Каждый человек боится смерти, но верующий принимает ее как должное, потому что она — лишь краткое страдание, лишь переход в иную, лучшую жизнь. Но и атеист принимает смерть без протеста, потому, во-первых, что она неизбежна, и еще потому, что — необходима. И здесь, пожалуй, сходятся пути подлинного атеиста и подлинного верующего. Эта встреча прекрасно выражена в гимне Смерти Баратынского:
Верующий черпает силы для жизни из своей прямой приобщенности к Богу — через молитву, знамения, ощущение благодати, но более всего — через гармонию мира.
Атеист не знает, отрицает Бога, но черпает силу из того же источника — чувства приобщенности к мировой гармонии.
Так, видимо, и должно осуществляться на деле мирное сосуществование идей, или, вернее, различных душевных состояний, различных мироощущений.
Но вся эта идиллия летит к чертям, как только тот или иной лагерь присваивает себе эпитет «воинствующий». Воинствующий атеист, воинствующий христианин… Здесь они опять становятся сходны, но уже как сходны любые крайности. И неважно, вера, неверие — путь один. Суета проповедничества, скука, дидактики, страх принуждения, ужас погрома… Все сплетается в какое-то жуткое месиво, в безумный кошмар нетерпимости. В промежутках наступает похмелье, произносятся дежурные оправдания. У одних это называется — бес вселился, попутал дьявол, у других — неизбежные издержки и досадные перегибы.

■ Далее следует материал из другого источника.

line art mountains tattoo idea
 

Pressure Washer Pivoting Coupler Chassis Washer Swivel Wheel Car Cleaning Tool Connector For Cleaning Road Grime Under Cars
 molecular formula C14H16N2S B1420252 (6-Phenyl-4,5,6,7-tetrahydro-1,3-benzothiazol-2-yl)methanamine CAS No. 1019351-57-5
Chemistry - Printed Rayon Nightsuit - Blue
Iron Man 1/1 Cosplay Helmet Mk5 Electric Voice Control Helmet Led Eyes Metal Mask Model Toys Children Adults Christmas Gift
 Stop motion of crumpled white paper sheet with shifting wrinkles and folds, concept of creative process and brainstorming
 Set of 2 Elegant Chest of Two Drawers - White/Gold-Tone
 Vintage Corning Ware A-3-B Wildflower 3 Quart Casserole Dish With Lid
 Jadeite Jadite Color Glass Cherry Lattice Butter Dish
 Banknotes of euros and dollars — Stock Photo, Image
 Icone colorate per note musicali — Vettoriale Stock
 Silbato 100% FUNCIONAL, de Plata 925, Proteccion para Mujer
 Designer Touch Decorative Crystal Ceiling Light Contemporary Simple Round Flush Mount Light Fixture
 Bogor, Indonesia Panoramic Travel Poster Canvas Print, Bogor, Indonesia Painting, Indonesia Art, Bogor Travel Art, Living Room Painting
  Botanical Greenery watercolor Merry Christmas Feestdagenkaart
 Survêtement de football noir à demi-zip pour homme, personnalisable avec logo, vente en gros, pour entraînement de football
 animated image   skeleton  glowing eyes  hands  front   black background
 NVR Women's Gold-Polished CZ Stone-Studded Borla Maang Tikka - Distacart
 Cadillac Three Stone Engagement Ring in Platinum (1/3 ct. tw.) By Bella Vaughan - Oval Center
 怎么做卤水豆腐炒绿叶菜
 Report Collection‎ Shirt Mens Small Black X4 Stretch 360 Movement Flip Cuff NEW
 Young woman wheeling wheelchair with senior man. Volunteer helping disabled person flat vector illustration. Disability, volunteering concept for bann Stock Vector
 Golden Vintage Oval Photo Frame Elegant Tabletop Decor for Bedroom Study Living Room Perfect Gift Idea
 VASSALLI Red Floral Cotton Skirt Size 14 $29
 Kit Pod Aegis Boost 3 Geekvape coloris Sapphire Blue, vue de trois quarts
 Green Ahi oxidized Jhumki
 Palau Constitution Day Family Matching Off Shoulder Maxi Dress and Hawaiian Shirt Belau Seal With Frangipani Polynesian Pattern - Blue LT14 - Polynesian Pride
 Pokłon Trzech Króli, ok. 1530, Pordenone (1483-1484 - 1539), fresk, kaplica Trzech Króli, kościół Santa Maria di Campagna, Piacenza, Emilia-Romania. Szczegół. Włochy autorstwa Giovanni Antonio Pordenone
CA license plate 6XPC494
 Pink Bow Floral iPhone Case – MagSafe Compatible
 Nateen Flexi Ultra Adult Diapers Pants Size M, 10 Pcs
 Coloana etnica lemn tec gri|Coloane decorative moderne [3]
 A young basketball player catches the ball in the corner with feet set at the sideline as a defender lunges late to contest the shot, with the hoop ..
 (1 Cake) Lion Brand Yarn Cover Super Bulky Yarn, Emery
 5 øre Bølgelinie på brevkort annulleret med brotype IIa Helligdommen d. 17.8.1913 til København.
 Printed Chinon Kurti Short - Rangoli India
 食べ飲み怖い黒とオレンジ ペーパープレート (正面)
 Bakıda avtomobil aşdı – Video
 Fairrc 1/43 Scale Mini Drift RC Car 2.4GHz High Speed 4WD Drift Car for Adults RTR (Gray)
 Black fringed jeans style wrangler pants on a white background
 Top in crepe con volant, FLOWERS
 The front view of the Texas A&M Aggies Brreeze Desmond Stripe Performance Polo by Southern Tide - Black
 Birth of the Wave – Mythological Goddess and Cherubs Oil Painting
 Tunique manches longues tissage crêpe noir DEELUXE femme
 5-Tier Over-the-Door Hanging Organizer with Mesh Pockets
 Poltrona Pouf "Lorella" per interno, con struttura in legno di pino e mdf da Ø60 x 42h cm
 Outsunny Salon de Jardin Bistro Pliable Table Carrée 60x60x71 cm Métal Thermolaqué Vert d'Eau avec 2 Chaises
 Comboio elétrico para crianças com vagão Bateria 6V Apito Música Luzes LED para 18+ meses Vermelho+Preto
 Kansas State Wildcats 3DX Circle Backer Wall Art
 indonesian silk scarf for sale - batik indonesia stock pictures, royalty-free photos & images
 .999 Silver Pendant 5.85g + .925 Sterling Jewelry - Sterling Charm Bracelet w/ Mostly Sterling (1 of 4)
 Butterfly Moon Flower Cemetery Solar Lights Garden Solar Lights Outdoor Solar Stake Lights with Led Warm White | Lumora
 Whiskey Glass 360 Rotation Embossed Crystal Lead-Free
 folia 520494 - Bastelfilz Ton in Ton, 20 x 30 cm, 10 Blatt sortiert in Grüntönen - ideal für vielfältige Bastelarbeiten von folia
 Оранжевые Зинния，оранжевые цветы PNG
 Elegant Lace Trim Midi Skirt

Маяковский был воинствующим атеистом, и воинственность его всегда налицо, но вот сам атеизм — вызывает сомнения. Его атеизм — не итог, не вывод, в нем не чувствуется никакого пути.
В нем нет обоснованности, убежденности, а отсюда—спокойствия и достоинства. Маяковский не столько отрицает существование Бога, сколько пытается его оскорбить, оплевать, унизить и тем уничтожить.
Он жестоко обижен: ему недодали женщин, денег и славы.
И вот он бегает, мечется под огромным небом, и кричит, и плюется, и трясет кулаками, и угрожает то ножом, то кастетом. Но никто не боится его угроз, никто их всерьез не принимает. И он, при всем своем значительном росте, выглядит мелко и суетливо. Сто семьдесят или сто девяносто сантиметров — с высоты небес ведь одно и то же.